For a visual walkthrough, visit the UBOS platform overview. The platform also offers a Workflow automation studio where you can monitor pipeline health, view logs, and roll back to previous versions with a single click.
💰 Cost Considerations
UBOS pricing is consumption‑based. For most hobby projects, the free tier covers up to 5 GB of storage and 100 CPU‑hours per month. If you anticipate heavy AI inference workloads, review the UBOS pricing plans and consider the Enterprise AI platform by UBOS for dedicated GPU nodes.
🔄 From Clawd.bot → Moltbot → OpenClaw
The OpenClaw template didn’t appear overnight. It began as Clawd.bot, a simple chatbot that scraped Reddit for meme‑style replies. As the community demanded richer interactions, the project was renamed Moltbot, adding multi‑modal capabilities (text, voice, and image). Finally, after a major refactor that introduced a modular micro‑service architecture, the codebase was re‑branded as OpenClaw to reflect its open‑source ethos and “claw‑like” ability to grasp data from any source.
This evolution mirrors the broader AI‑agent market: rapid iteration, feature expansion, and a constant push toward openness. The CI/CD pipeline we just built is the perfect companion for this journey—every new “claw” you add can be tested, containerized, and deployed without manual steps.
📚 Moltbook – A Complementary AI‑Agent Social Platform
While OpenClaw powers the backend AI logic, Moltbook (the sister social platform) provides a community hub where agents can share knowledge, rate responses, and even trade custom prompts. Integrating Moltbook with OpenClaw is as simple as adding the ChatGPT and Telegram integration to push notifications to users’ favorite messaging apps.
🧩 Explore More UBOS Templates
UBOS’s marketplace offers dozens of ready‑made AI‑powered apps that can be combined with OpenClaw for rapid prototyping:
- AI SEO Analyzer – boost your site’s search visibility.
- AI Article Copywriter – generate blog drafts in seconds.
- AI Video Generator – turn scripts into short videos.
- AI Chatbot template – a plug‑and‑play conversational UI.
- GPT‑Powered Telegram Bot – extend OpenClaw’s reach to Telegram users.
🔐 Security & Best Practices
When dealing with AI agents, security is paramount. Follow these guidelines:
- Store API keys in GitHub Secrets; never hard‑code them.
- Enable Telegram integration on UBOS with two‑factor authentication for admin bots.
- Run containers with non‑root users and set resource limits.

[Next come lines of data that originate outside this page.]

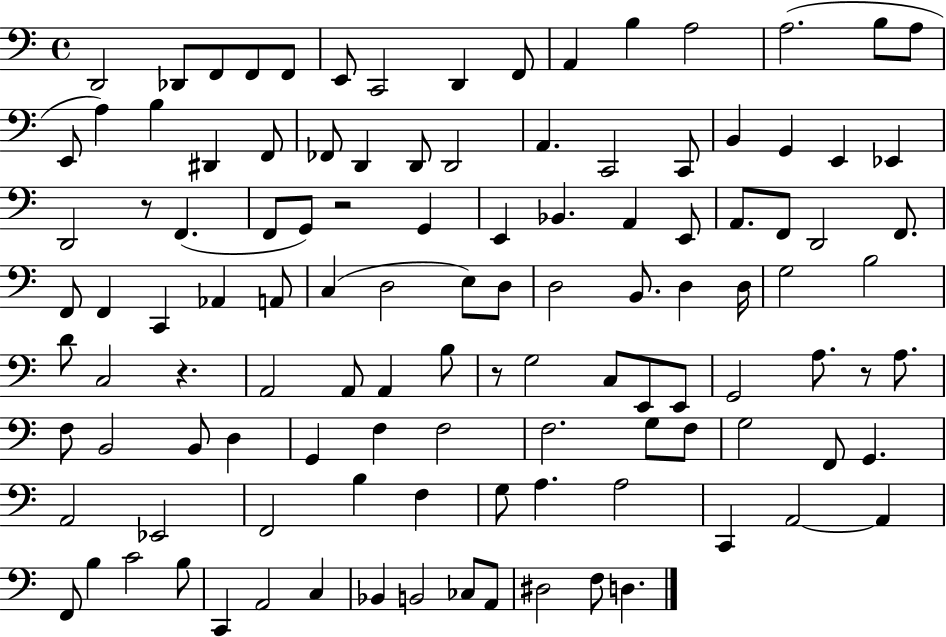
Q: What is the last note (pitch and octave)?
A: D3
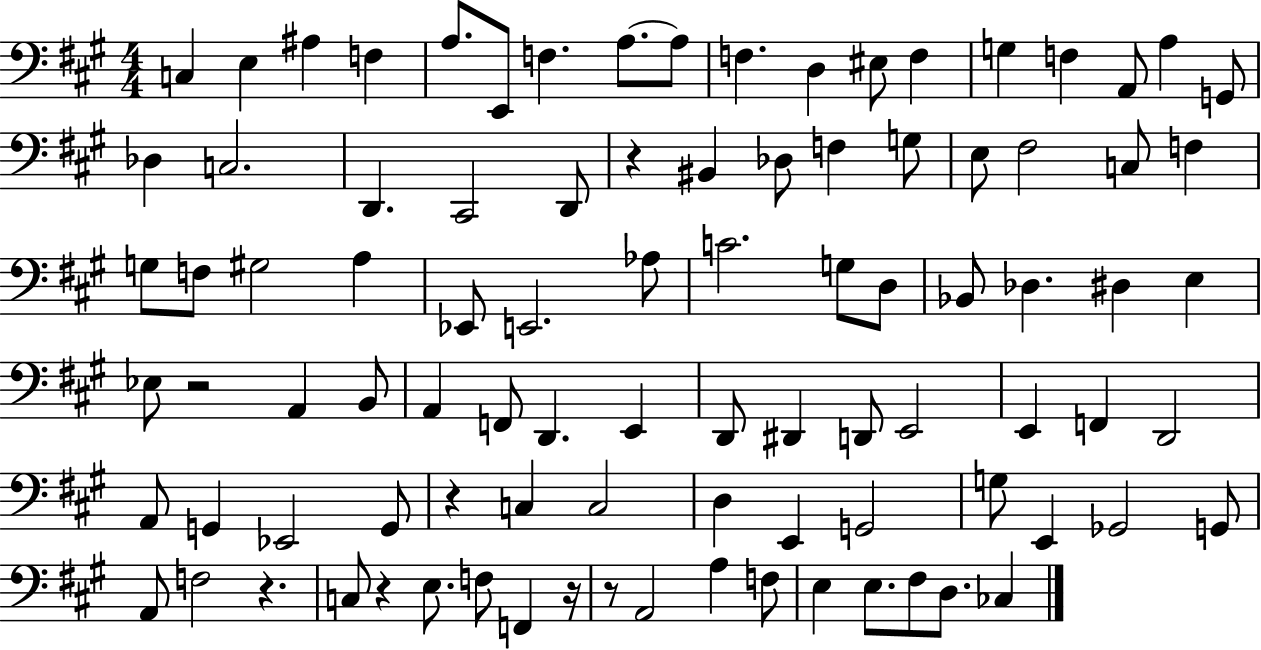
{
  \clef bass
  \numericTimeSignature
  \time 4/4
  \key a \major
  c4 e4 ais4 f4 | a8. e,8 f4. a8.~~ a8 | f4. d4 eis8 f4 | g4 f4 a,8 a4 g,8 | \break des4 c2. | d,4. cis,2 d,8 | r4 bis,4 des8 f4 g8 | e8 fis2 c8 f4 | \break g8 f8 gis2 a4 | ees,8 e,2. aes8 | c'2. g8 d8 | bes,8 des4. dis4 e4 | \break ees8 r2 a,4 b,8 | a,4 f,8 d,4. e,4 | d,8 dis,4 d,8 e,2 | e,4 f,4 d,2 | \break a,8 g,4 ees,2 g,8 | r4 c4 c2 | d4 e,4 g,2 | g8 e,4 ges,2 g,8 | \break a,8 f2 r4. | c8 r4 e8. f8 f,4 r16 | r8 a,2 a4 f8 | e4 e8. fis8 d8. ces4 | \break \bar "|."
}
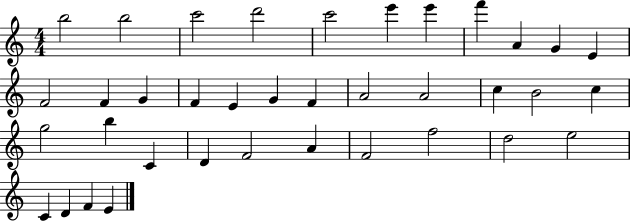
X:1
T:Untitled
M:4/4
L:1/4
K:C
b2 b2 c'2 d'2 c'2 e' e' f' A G E F2 F G F E G F A2 A2 c B2 c g2 b C D F2 A F2 f2 d2 e2 C D F E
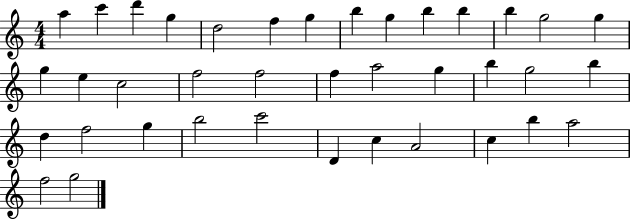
{
  \clef treble
  \numericTimeSignature
  \time 4/4
  \key c \major
  a''4 c'''4 d'''4 g''4 | d''2 f''4 g''4 | b''4 g''4 b''4 b''4 | b''4 g''2 g''4 | \break g''4 e''4 c''2 | f''2 f''2 | f''4 a''2 g''4 | b''4 g''2 b''4 | \break d''4 f''2 g''4 | b''2 c'''2 | d'4 c''4 a'2 | c''4 b''4 a''2 | \break f''2 g''2 | \bar "|."
}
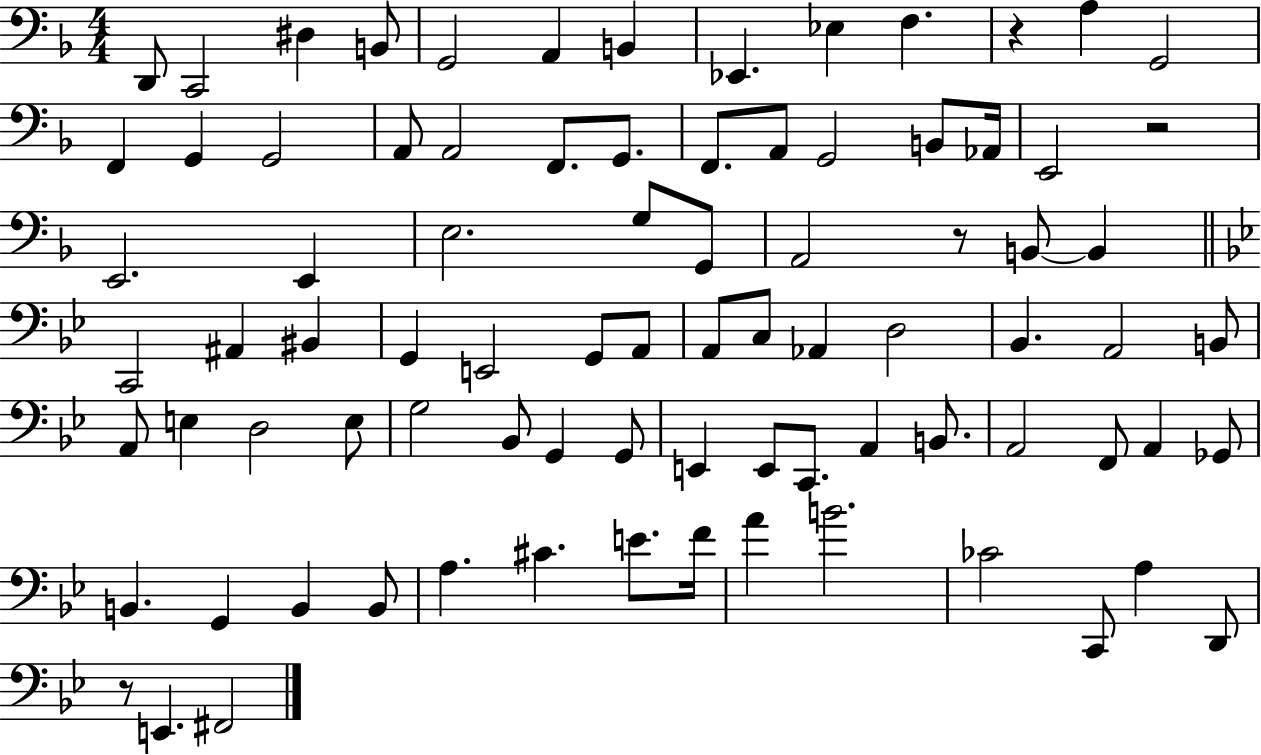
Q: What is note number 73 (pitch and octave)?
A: A4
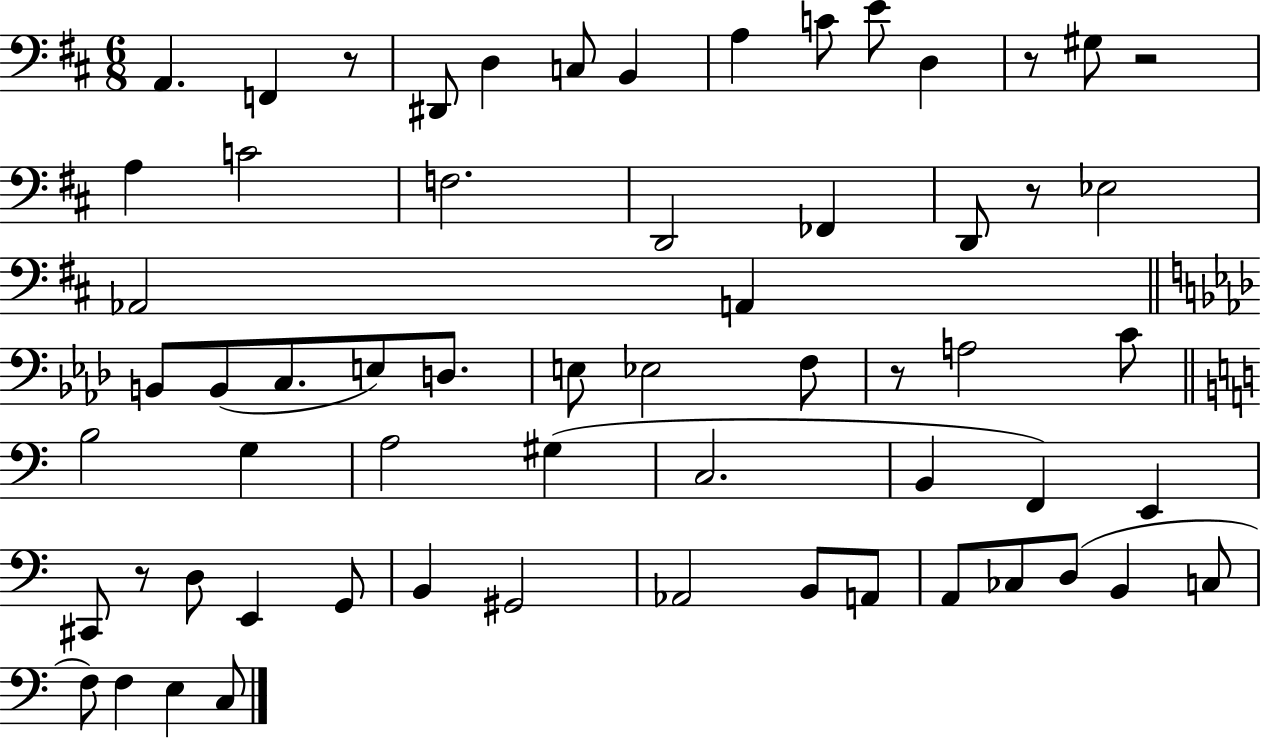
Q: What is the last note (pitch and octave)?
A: C3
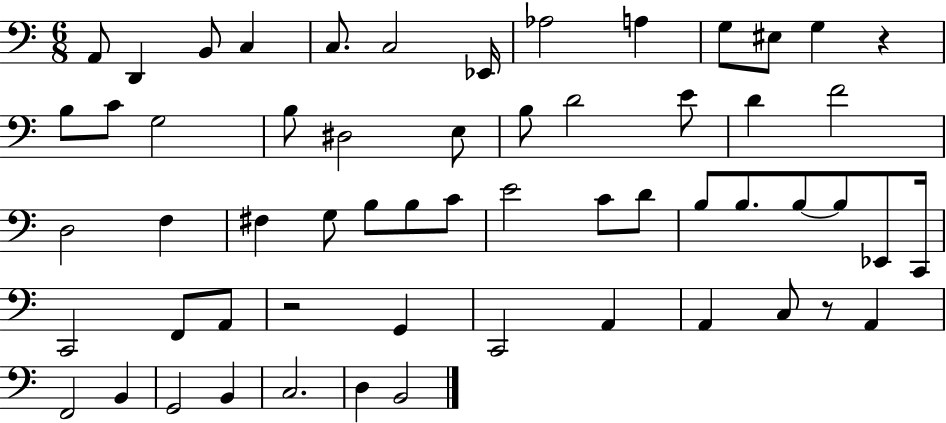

- Regularly scan Docker images with
trivyor similar tools. - Audit logs via the UBOS partner program dashboard.
📈 Performance Monitoring
UBOS integrates with popular observability stacks. Hook the ElevenLabs AI voice integration to generate spoken alerts when latency spikes. Use the built‑in metrics dashboard to track request latency, token usage, and container health.
🚀 Ready to Deploy Your Own OpenClaw AI‑Agent?
Start by cloning the template, set up the CI/CD workflow described above, and watch your AI‑agent evolve from code to production in minutes. Need help customizing the pipeline or scaling to enterprise? Explore the UBOS portfolio examples for inspiration, or join the About UBOS community to connect with fellow developers.
For a step‑by‑step video tutorial, check the original announcement that introduced the OpenClaw one‑click‑deploy feature.
Happy coding, and may your AI‑agents always land on the right “claw”!